A few things to note... First of all, the graph.merge_one method takes a Node type, and an property pair. If that a Node of that type with that property pair already exists it returns it. Otherwise it creates it. This is what ensures our actor (and film) nodes are unique.

For convenience we also add the actor's real name to the node as a property to make it easier to view the grpah in the Neo4J Console.

We then loop over the films associated with the actor and create unique notes for those, again, using the merge_one method.

Finally, we now have a reference to both the actor node and the film node, so we create an ACTED_IN relationship between them using the create_unique method. (Suprise! The create_unique method creates a relationship if it is not present, or does nothing if it is already present.)

Writing The Spider

The Spider is definitely the most challenging part of code to write. There are several things to note. First, it uses two different callbacks, one for each type of page it is processing. Second, we have to account for coming across the same page multiple times. (This is a real problem in general purpose web crawler as two pages can link to each other (even indirectly) and trap your crawler in an infinite loop. Third, there is a significant gotcha in Scrapy that I discovered during this project. You will see some lines commented out which will be discussed shortly.

I will show you the whole class and then dive into each component:

File: spiders/imdb6degrees.py

import string

import scrapy

# from py2neo import Graph
# from py2neo import Node

from imdb.items import ImdbPersonPage

class Imdb6DegreesSpider(scrapy.Spider):  
    name = "imdb"
    start_urls = (
        'http://www.imdb.com/name/nm0000246',
    )

    people = 0
    peopleLimit = 10

    people_crawled = []

    films_crawled = []

#    graph = Graph()

    def parse(self, response):
        person_id = string.split(response.url, "/")[-2]

#        if (self.has_person_been_crawled(person_id)):
#            return

        personPage = ImdbPersonPage()
        personPage['person'] = response.xpath("//span[@itemprop='name']/text()").extract()[0]
        personPage['person_id'] = person_id
        personPage['films'] = {}
        print('Person: ' + personPage['person_id'])
        for filmElement in response.xpath("//div[@id='filmography']/div[@id='filmo-head-actor']/following-sibling::div[contains(@class, 'filmo-category-section')][1]/div[contains(@class, 'filmo-row')]//a[starts-with(@href, '/title/tt')]"):
            film_id = string.split(filmElement.xpath('@href').extract()[0], '/')[-2]

            personPage['films'][film_id] = filmElement.xpath('text()').extract()[0]

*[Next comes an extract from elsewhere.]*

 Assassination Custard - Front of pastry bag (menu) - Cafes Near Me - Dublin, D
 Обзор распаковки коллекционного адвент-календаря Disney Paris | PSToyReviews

            if (not film_id in self.films_crawled):
                self.films_crawled.append(film_id)
                yield scrapy.Request('http://www.imdb.com' + filmElement.xpath('@href').extract()[0], callback=self.parse_film_page)
        yield personPage
        return

    def parse_film_page(self, response):
        for personElement in response.xpath("//table[contains(@class, 'cast_list')]//td[contains(@itemprop, 'actor')]//a"):
            person_id = string.split(personElement.xpath('@href').extract()[0], "/")[-2]
            if (person_id in self.people_crawled):
                print('Person: ' + person_id + ' ALREADY CRAWLED')
                return

            self.people_crawled.append(person_id)

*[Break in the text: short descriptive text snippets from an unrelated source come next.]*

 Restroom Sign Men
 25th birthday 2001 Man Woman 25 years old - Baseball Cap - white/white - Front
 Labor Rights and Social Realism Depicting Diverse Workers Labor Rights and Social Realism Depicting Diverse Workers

            self.people += 1
            if (self.people <= self.peopleLimit):
                yield scrapy.Request('http://www.imdb.com' + personElement.xpath('@href').extract()[0], callback=self.parse)
        return

#    def has_person_been_crawled(self, person_id):
#        person = list(self.graph.find('Person', property_key='id', property_value=person_id))
#        if (len(person) > 0):
#            print('ALREADY CRAWLED: ' + person_id)
#            return True
#        return False

All right, taking it from the top. 

    name = "imdb"
    start_urls = (
        'http://www.imdb.com/name/nm0000246',
    )

    people = 0
    peopleLimit = 10

    people_crawled = []

    films_crawled = []

Both name and start_urls variables are required by Scrapy. Our Spider starts on a single actor page. (I choose Bruce Willis... Why? Because of this.) I also added a count of the total number of actors processed (people) and, for testing purposes, a limit to the number of actors we will process (peopleLimit). I also added two arrays to keep track of what actors and what films we have already processed.

Next is the actual parse method. Since we are starting on an actor page, the parse method will handle actor pages. We will then write a separate callback for the film pages.

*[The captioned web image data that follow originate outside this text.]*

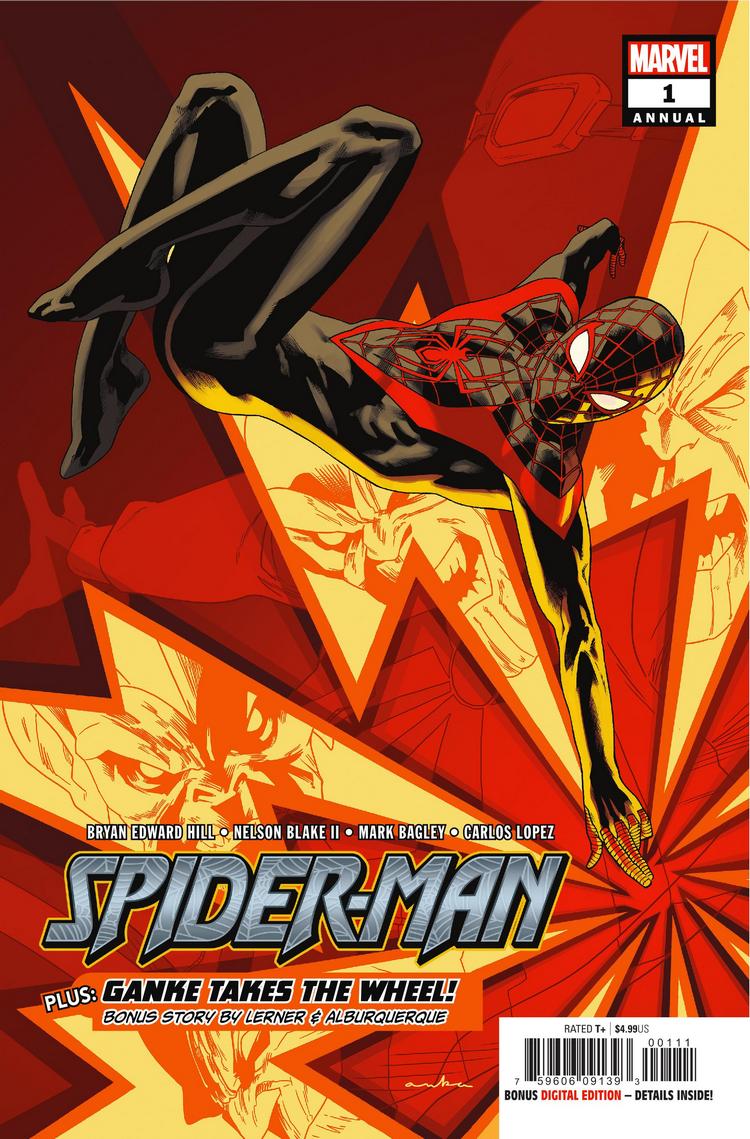 Spider-Man Annual #1, copertina di Kris Anka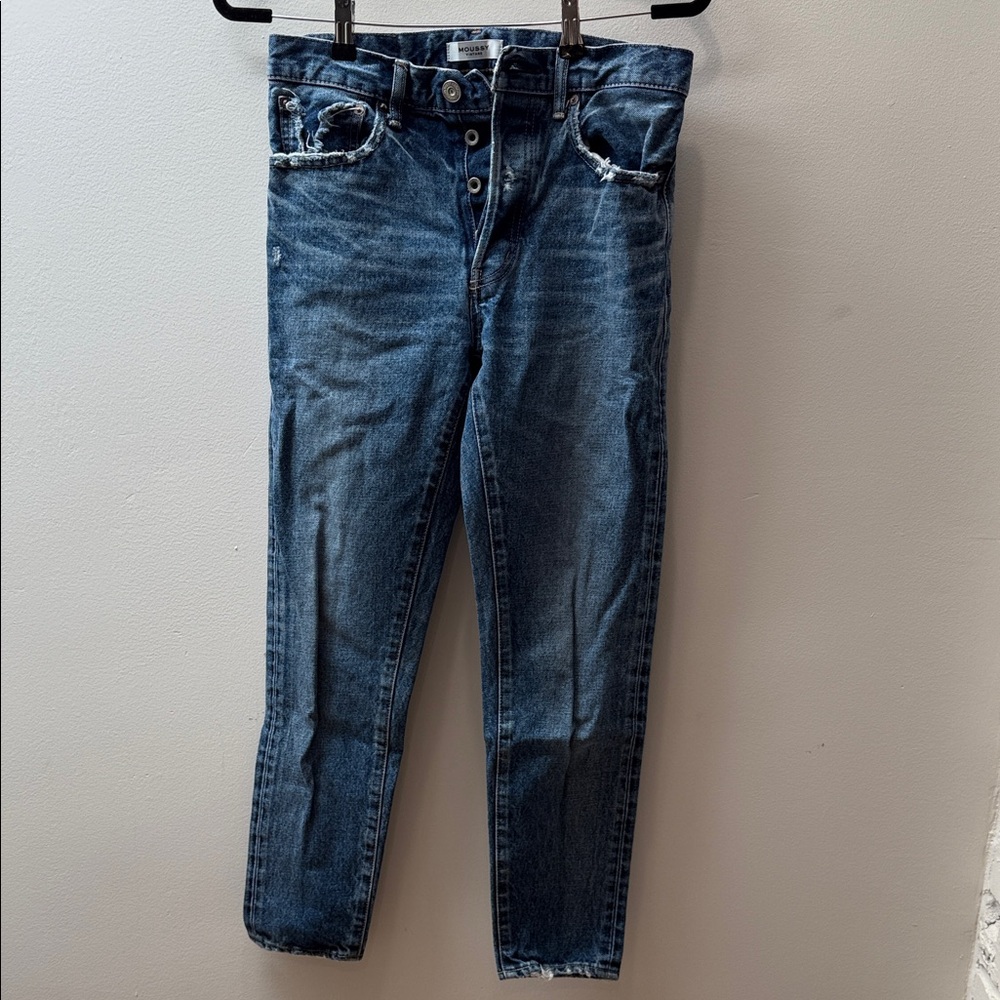 Moussy Dark Blue Cropped Jeans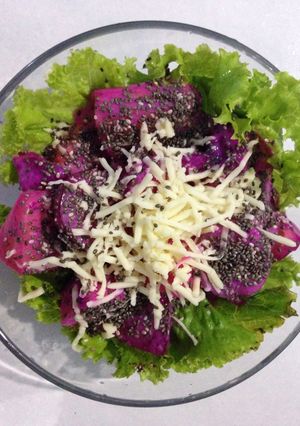 Foto resep Salad buah with chiaseed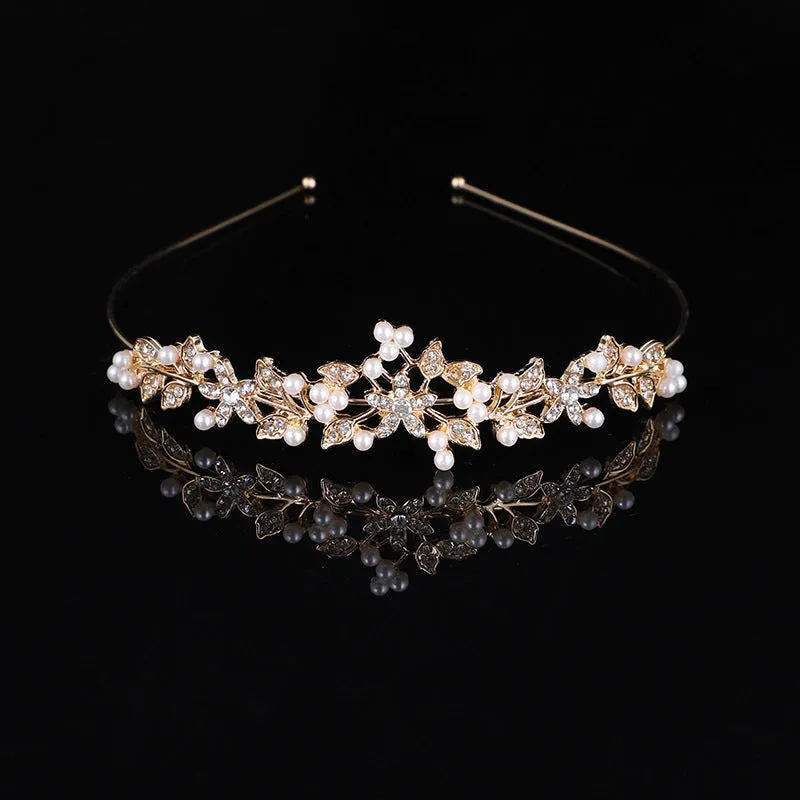 Bridal Crown Headdress Wedding Dress Wedding Headband Rhinestone Jewelry Accessories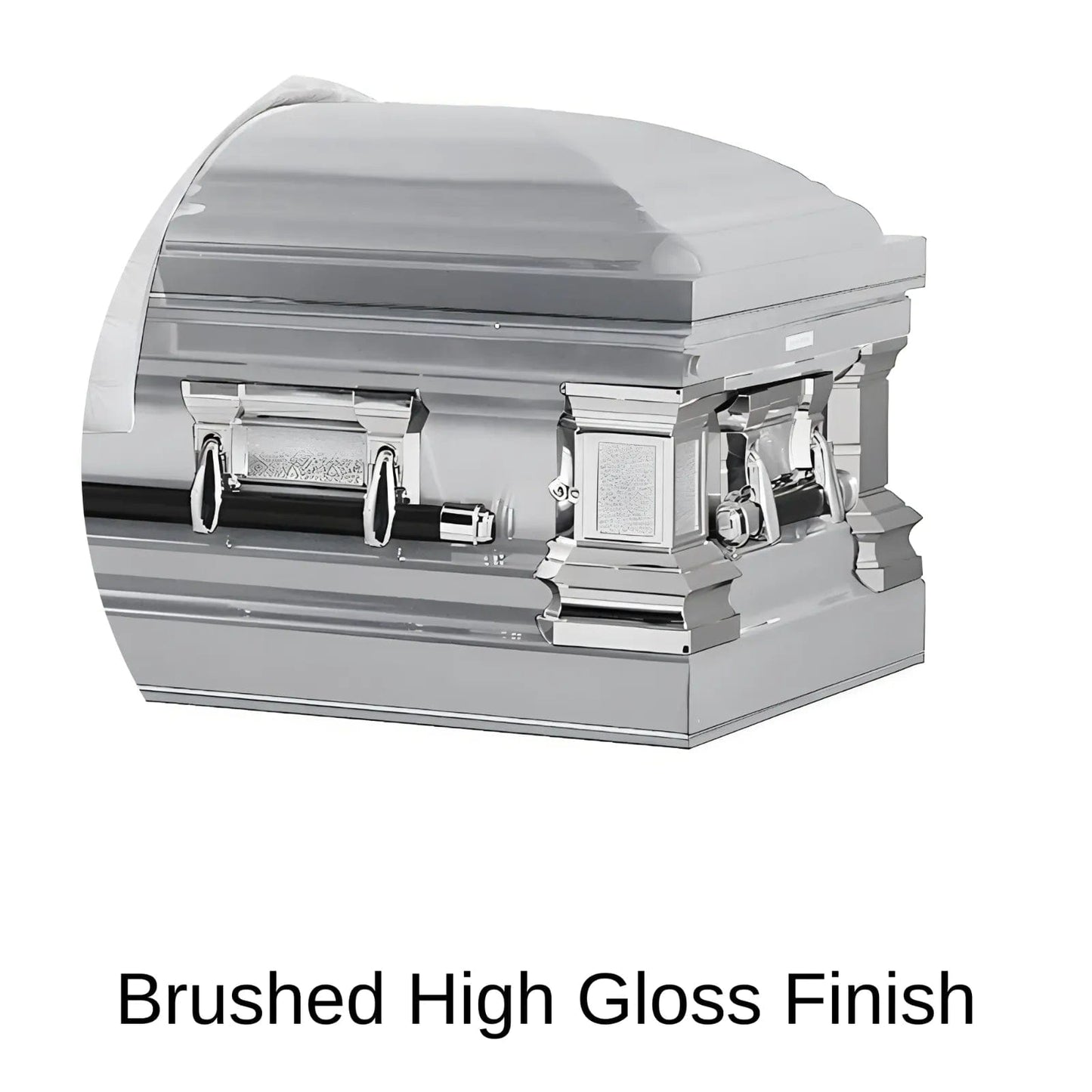 Brushed High Gloss Finish Of Titan Era Series Casket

    def parse(self, response):
        person_id = string.split(response.url, "/")[-2]

#        if (self.has_person_been_crawled(person_id)):
#            return

        personPage = ImdbPersonPage()
        personPage['person'] = response.xpath("//span[@itemprop='name']/text()").extract()[0]
        personPage['person_id'] = person_id
        personPage['films'] = {}
        print('Person: ' + personPage['person_id'])

First, the method extracts the person_id (using IMDB's id scheme) from the URL of the page. It then constructs an ImdbPersonPage item and initializes the name of the actor, the person_id, and an empty array to store the films this actor has acted in. (Note that IMDB tags metadata about the actor with a custom HTML attribute (itemprop) making it easy to locate the actor's name on the page.)

After collecting the information about the actor for the item, we then process all the films that the actor has been in.

        for filmElement in response.xpath("//div[@id='filmography']/div[@id='filmo-head-actor']/following-sibling::div[contains(@class, 'filmo-category-section')][1]/div[contains(@class, 'filmo-row')]//a[starts-with(@href, '/title/tt')]"):
            film_id = string.split(filmElement.xpath('@href').extract()[0], '/')[-2]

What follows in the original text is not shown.